There are other things that make us afraid. Two of us were discussing the other day, which is the dearest relationship, that between parent and child or between spouses? It probably depends on the circumstances and the individuals involved, but the loss of either can be a devastating event and thinking about that loss can make us afraid. The loss of a child can be so devastating that marriages sometimes don’t survive it, compounding the loss. People have been known to commit suicide over the fear of the loss of a parent or some other important person. It was that sort of fear that Jesus was talking about.
Luke 14:25-33
The Cost of Discipleship
25 Now large crowds were traveling with Jesus. He turned and told them, 26 “If anyone comes to me and does not hate his father, mother, wife, children, brothers, and sisters, as well as his own life, he can’t be my disciple. 27 Whoever doesn’t carry his cross and follow me can’t be my disciple.
28 “Suppose one of you wants to build a tower. He will first sit down and estimate the cost to see whether he has enough money to finish it, won’t he? 29 Otherwise, if he lays a foundation and can’t finish the building, everyone who watches will begin to ridicule him 30 and say, ‘This person started a building but couldn’t finish it.’
31 “Or suppose a king is going to war against another king. He will first sit down and consider whether with 10,000 men he can fight the one coming against him with 20,000 men, won’t he? 32 If he can’t, he will send a delegation to ask for terms of peace while the other king is still far away. 33 In the same way, none of you can be my disciple unless he gives up all his possessions.”
You heard what he said. He said unless you renounce everything you cannot be my disciple. There were all those people following him. He was at the height of his popularity, and he said to them, “Do you know what you are doing? Have you counted the cost?”
Let me tell you what I think he was saying to us. If your world is built around anything when it fails you, and it will fail you, then your world will collapse. It is not possible to store up enough money to be really secure, no matter what your financial advisor tells you. There is no human relationship that you will always be able to count on, for human relationships are always under the power of the grave. That’s what he meant in this apparently harsh statement about hating those important persons. To be a disciple of Jesus is to build your world around him knowing that he will never fail you.

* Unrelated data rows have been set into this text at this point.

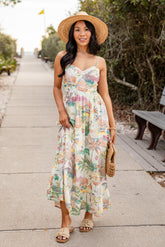 FINAL SALE - Tropical Vacation Off White Maxi Dress
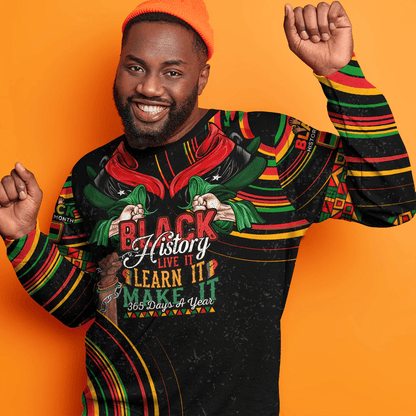 Africa Clothing Libya Sweatshirt Black History Live it Learn it Make it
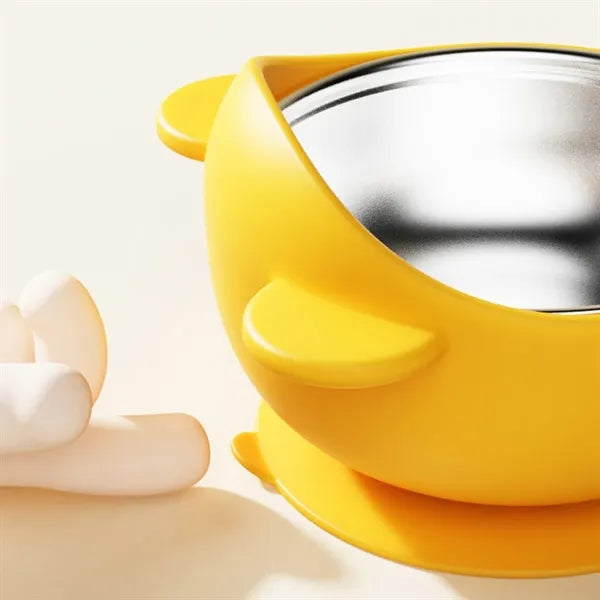 Cute Anti-Spill and Heatproof Stainless Steel Baby Bowl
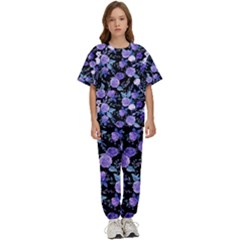 Dark Floral Kids  Tee And Pants Sports Set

Count the cost. What is the cost of discipleship? Trust in God. Trust in the God who gives you this day your daily bread. Trust in the God who snatched Jesus from the power of the grave. What do you have to lose? Your money? Fear, that deep, paralyzing fear that lies there in the pit of your stomach and won’t go away.
So, how do you renounce everything? It was just a little tiny crucifix, no bigger than that, Leona had been given it by her Czech grandmother. She was a Methodist and a crucifix shouldn’t have meant that much to her but it did. For some reason her family had just sort of melted away. They hadn’t died, her father and mother were still together, but in the years since she had been an adult she had found out what their relationship was really like. Now her father came to pour out his weakness to his daughter and it was often more than she could bear. All this time it was her grandmother who stood firm, but last year when she died it was as if her world had nothing left to hold it together. Lately she had carried that little crucifix around with her as if her life depended on it. But one day she came into my office. She held out her hand and said, “Here, give this to someone who needs it worse than I do.” You don’t ever have to be afraid of losing what you have given away.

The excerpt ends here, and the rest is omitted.